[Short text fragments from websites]
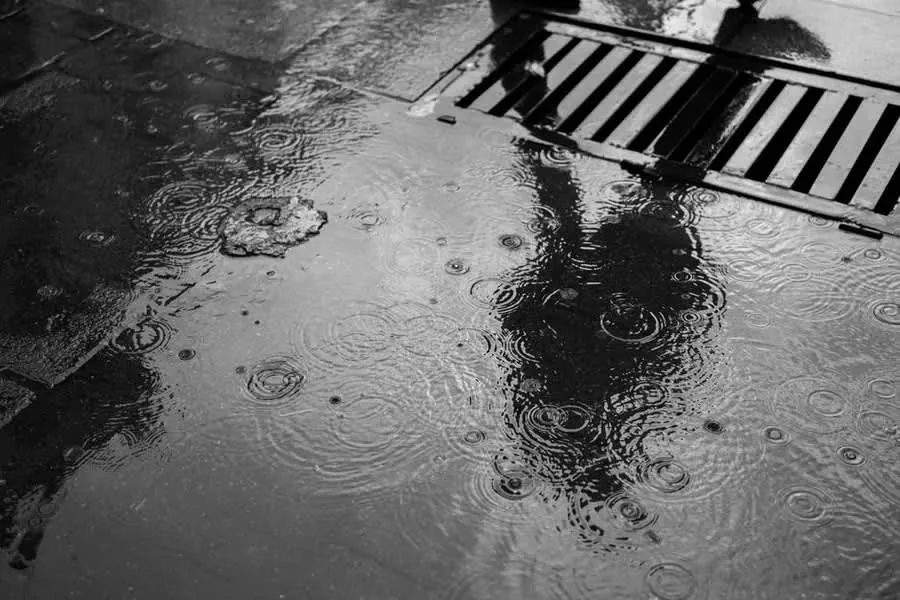 Rain falling into standing water beside a roof drainage outlet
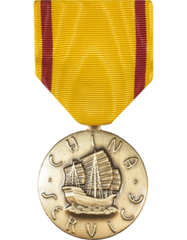 Medal with yellow ribbon and ship emblem on a white background
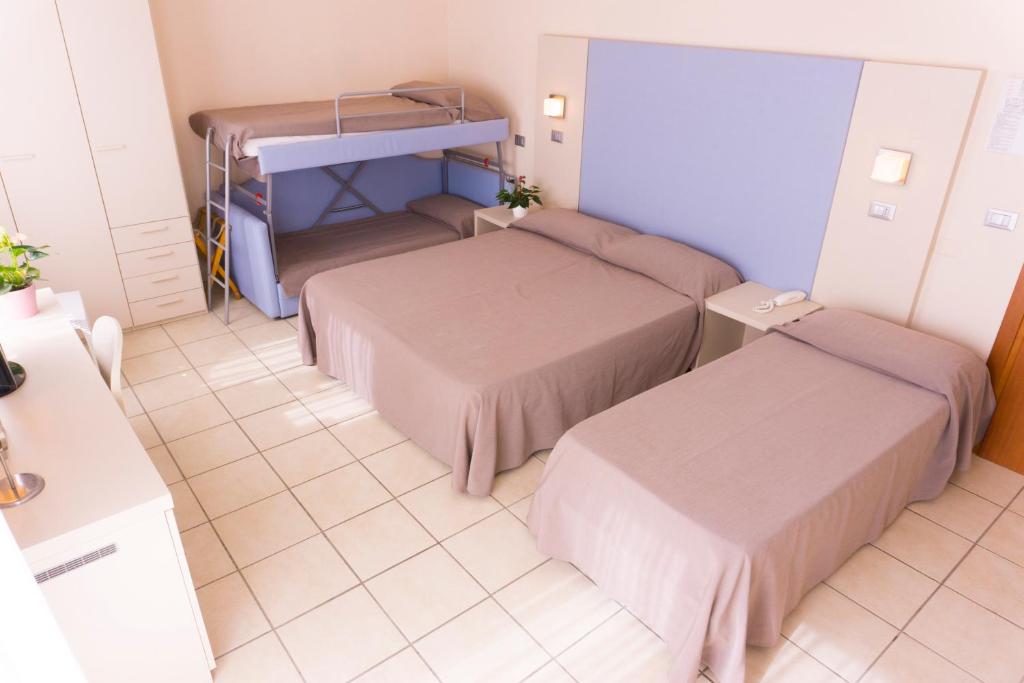 Postel nebo postele na pokoji v ubytování New Hotel Chiari
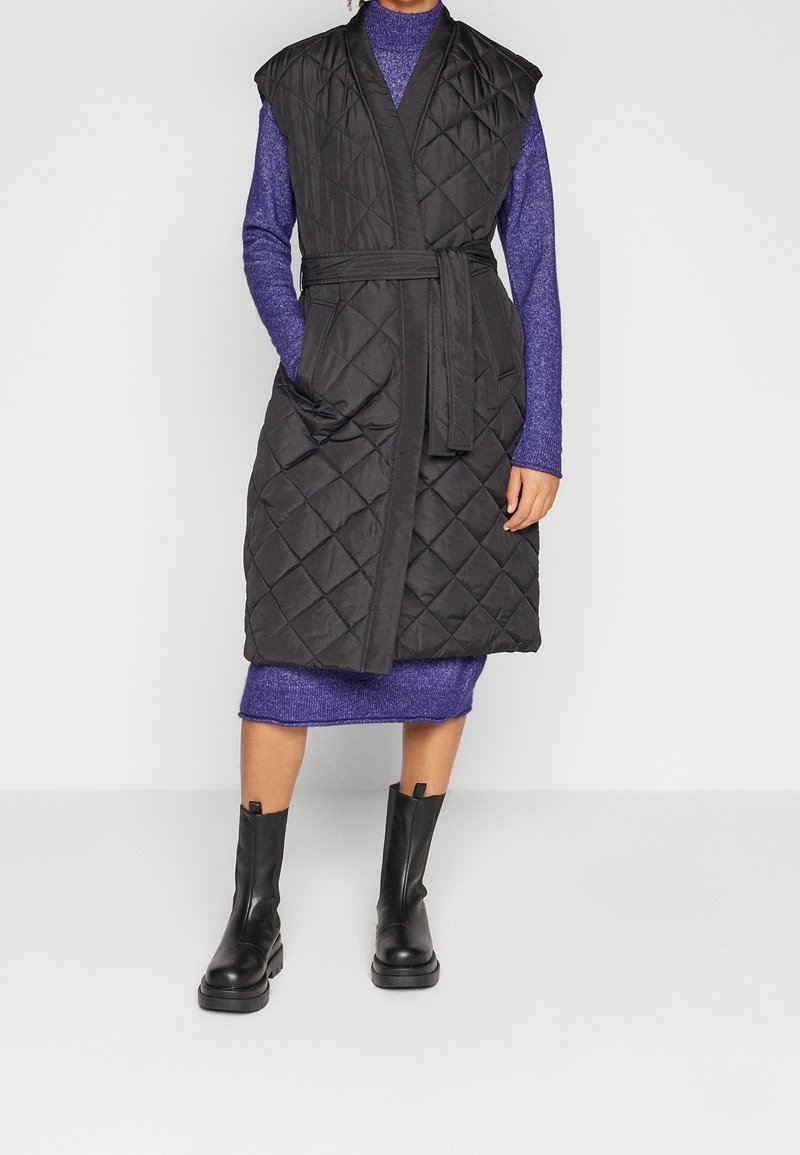 Vadderad svart väst med breda ärmar, ett knytbälte och sidofickor, över en lila klänning. Modell som bär svarta ankelboots.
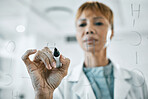 Science research, planning or elderly woman scientist writing on glass board, strategy working in laboratory for future medicine and innovation. Worker, doctor or employee thinking of futuristic idea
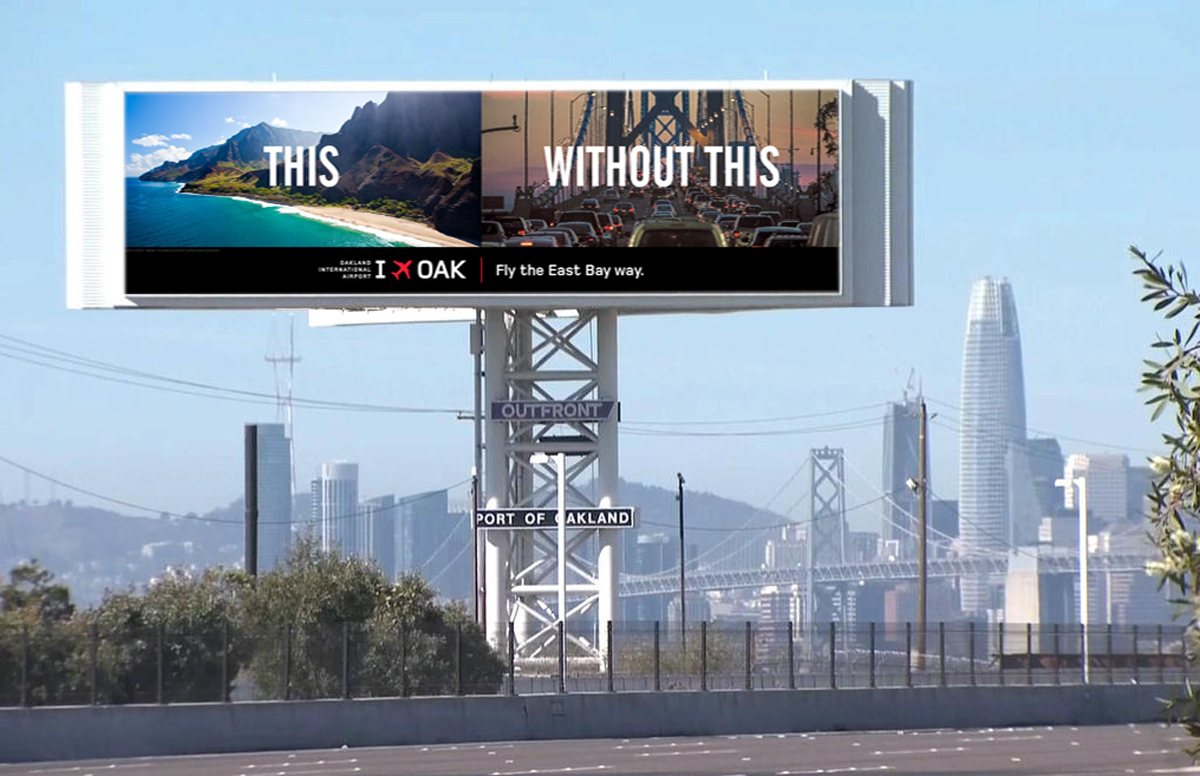 OAK billboard by the Bay Bridge reading This, over a Hawaii beach, Without this, over bridge traffic, with Fly the East Bay way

Task prompt →
Skip the pictures. Restate exactly the lines from the start of the entries through the line containing "Science research, planning", both ends included.

Written answer →
 Rain falling into standing water beside a roof drainage outlet
 Medal with yellow ribbon and ship emblem on a white background
 Postel nebo postele na pokoji v ubytování New Hotel Chiari
 Vadderad svart väst med breda ärmar, ett knytbälte och sidofickor, över en lila klänning. Modell som bär svarta ankelboots.
 Science research, planning or elderly woman scientist writing on glass board, strategy working in laboratory for future medicine and innovation. Worker, doctor or employee thinking of futuristic idea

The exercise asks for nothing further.